_Your objective_
Starting at the line with "Ford Fiesta 1.0", copy each line through the last one below exactly as written, without any pictures.

_Provided material_
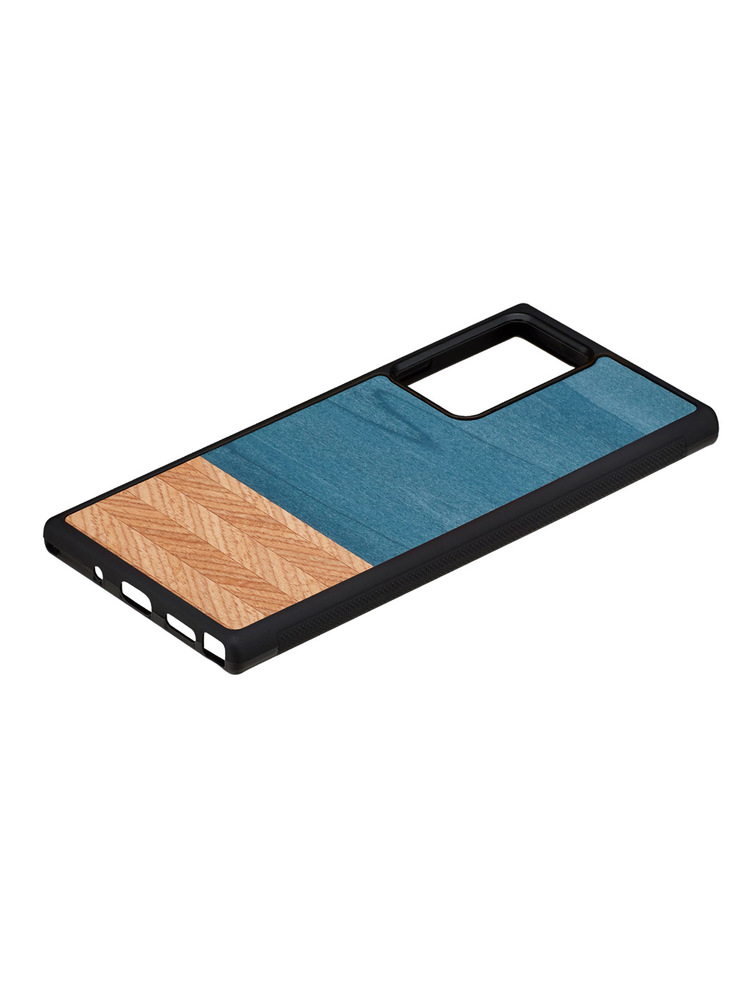 MAN&WOOD case for Galaxy Note 20 Ultra denim black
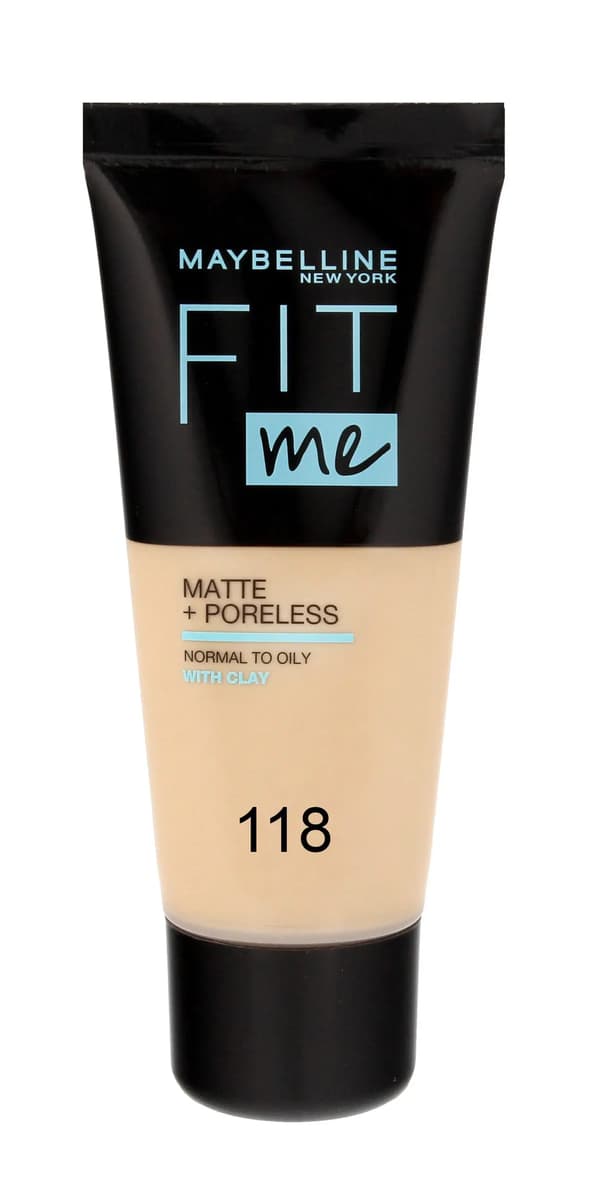 Maybelline Fit Me Matte+ Poreless mattapohjustusvoide 118 30ml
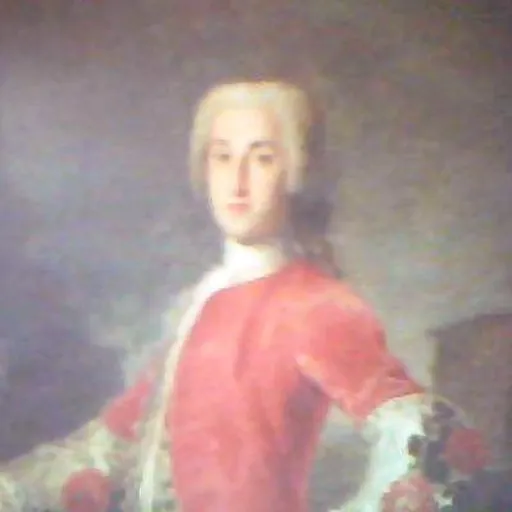 Portrait of George Lewis Coke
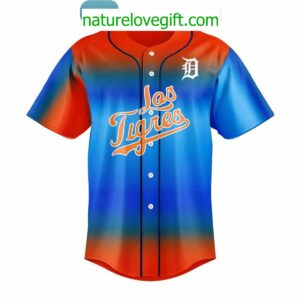 Detroit Tigers Hispanic Heritage Jersey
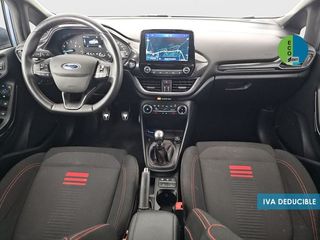 Ford Fiesta 1.0 EcoBoost MHEV ST-Line 92 kW (125 CV)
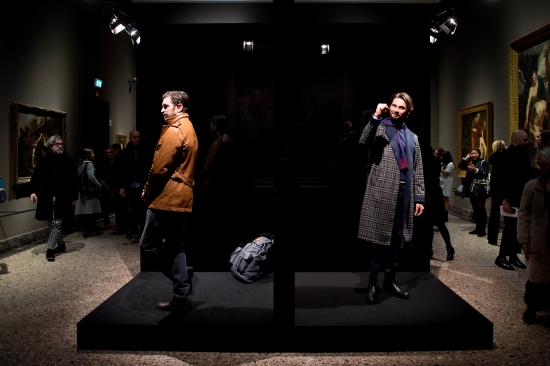 Мужская коллекция TRUSSARDI осень/зима 2017-18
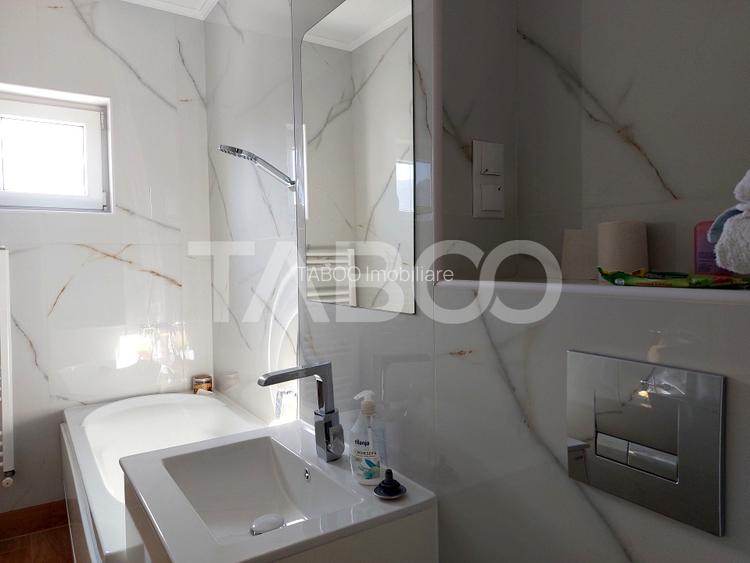 Apartament 50 mpu 2 camere etaj 3 pivnita Piata Noua Cisnadie - 12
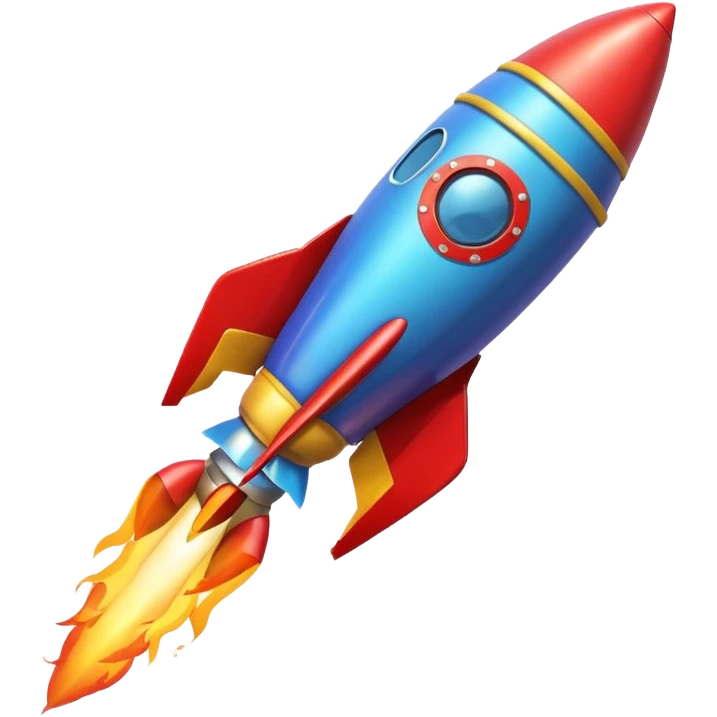 carnival, rockets emoji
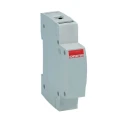 Contactum Miniature Circuit Breaker White, ABC Indicator A, Stainless Steel Face Plate CPBM1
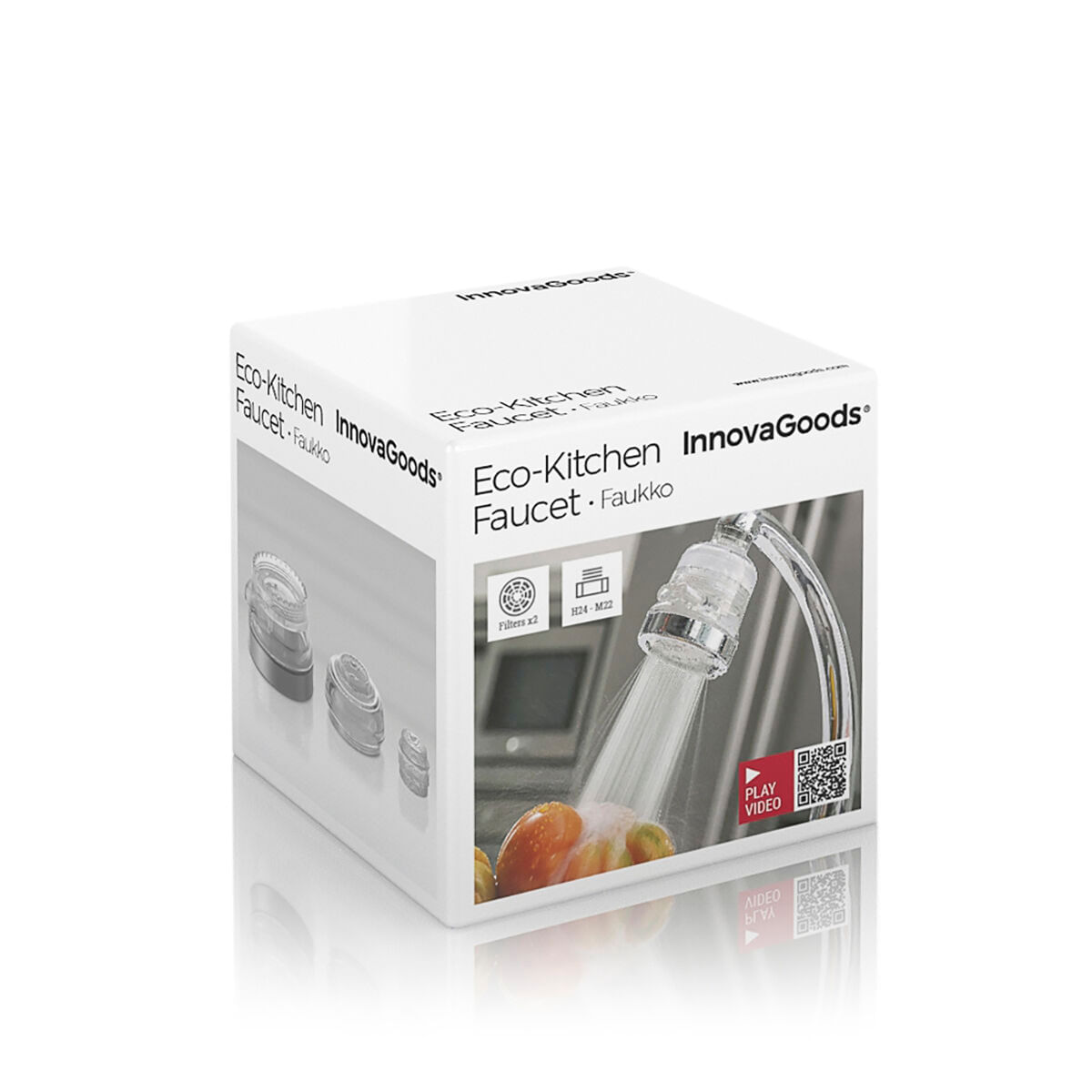 Eco-robinet cu filtru purificator de apa Faukko InnovaGoods - 1 | YEO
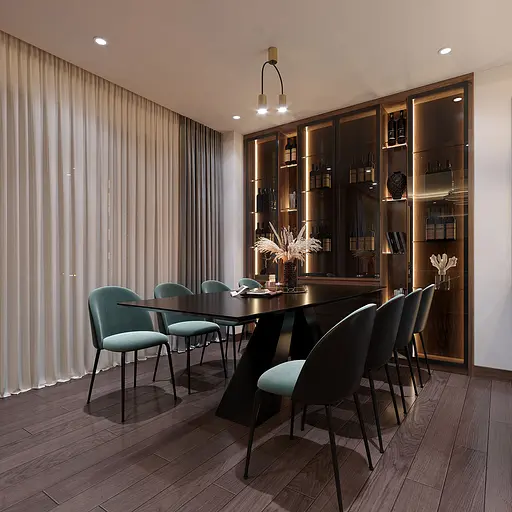 Стельовий світильник SV0055-2 BK+GD - фото 3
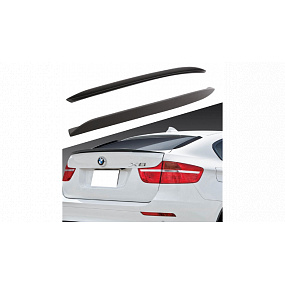 Hinterer Spoiler BMW X6 E71 E72 Lippe Schwarz Hinterer Spoiler BMW X6 E71 E72 Lippe Schwarz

_Response for this exercise_
 Ford Fiesta 1.0 EcoBoost MHEV ST-Line 92 kW (125 CV)
 Мужская коллекция TRUSSARDI осень/зима 2017-18
 Apartament 50 mpu 2 camere etaj 3 pivnita Piata Noua Cisnadie - 12
 carnival, rockets emoji
 Contactum Miniature Circuit Breaker White, ABC Indicator A, Stainless Steel Face Plate CPBM1
 Eco-robinet cu filtru purificator de apa Faukko InnovaGoods - 1 | YEO
 Стельовий світильник SV0055-2 BK+GD - фото 3
 Hinterer Spoiler BMW X6 E71 E72 Lippe Schwarz Hinterer Spoiler BMW X6 E71 E72 Lippe Schwarz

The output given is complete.